> Task objective
Start at the line with "Close-up of drink on bottle" and print every line through the end of the material below. Keep it exact and free of pictures.

> Information supplied
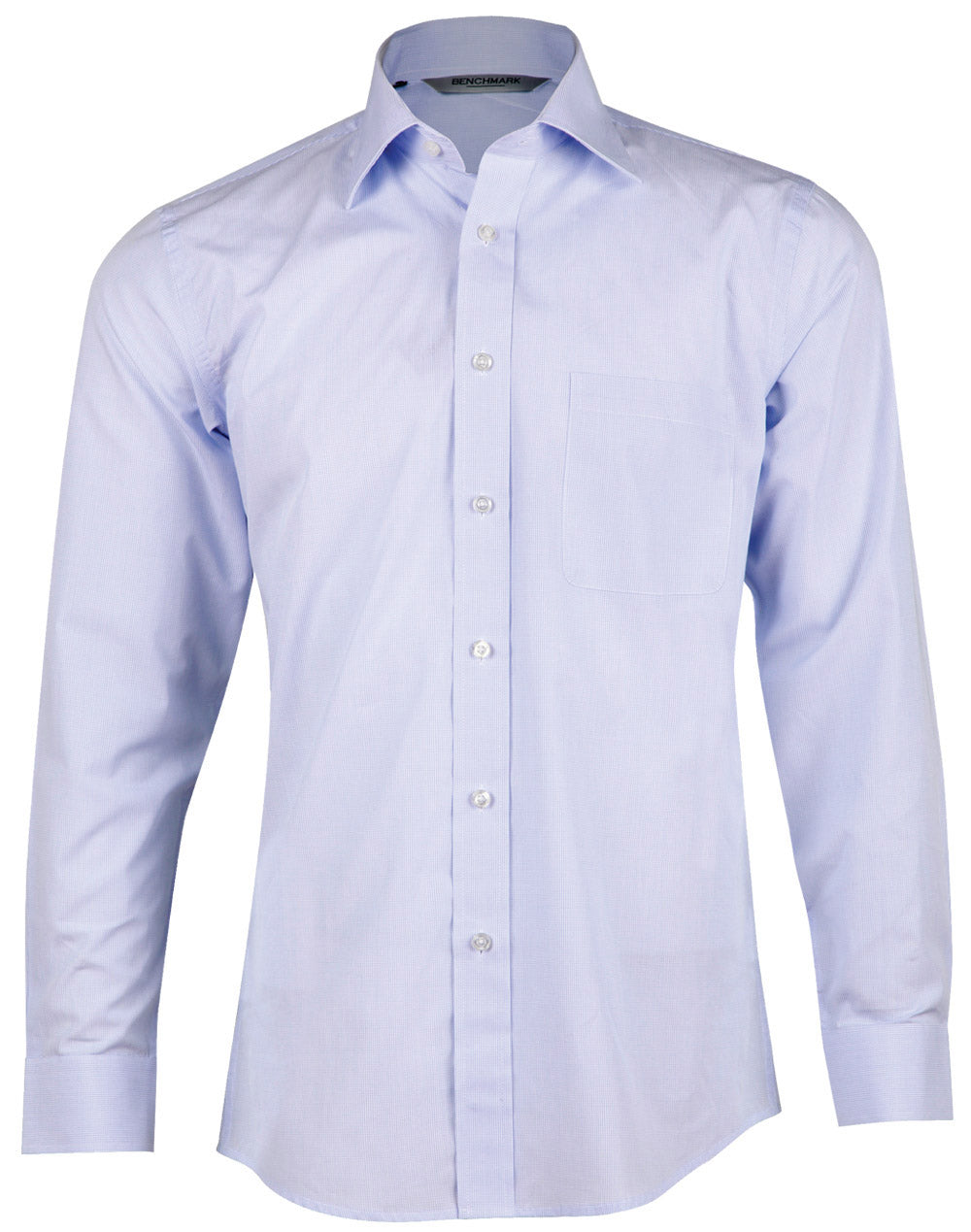 Men's Mini Check Premium Cotton Long Sleeve Shirt - Pale Blue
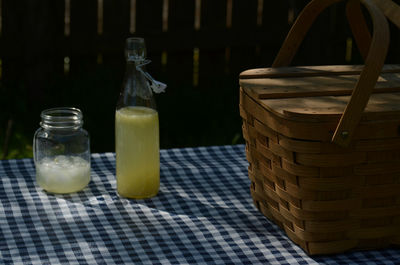 Close-up of drink on bottle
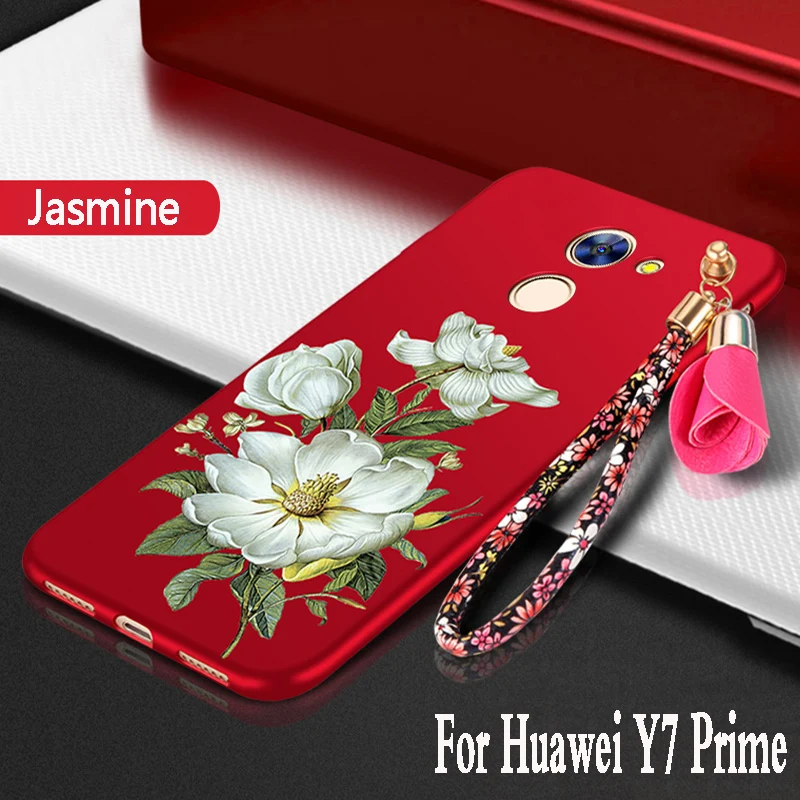 

for huawei y7 prime Case silicone luxury funda protection mobile phone bag for huawei y7 prime case Cover TPU Soft 3D Flower 5.5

> Expected answer
 Close-up of drink on bottle

for huawei y7 prime Case silicone luxury funda protection mobile phone bag for huawei y7 prime case Cover TPU Soft 3D Flower 5.5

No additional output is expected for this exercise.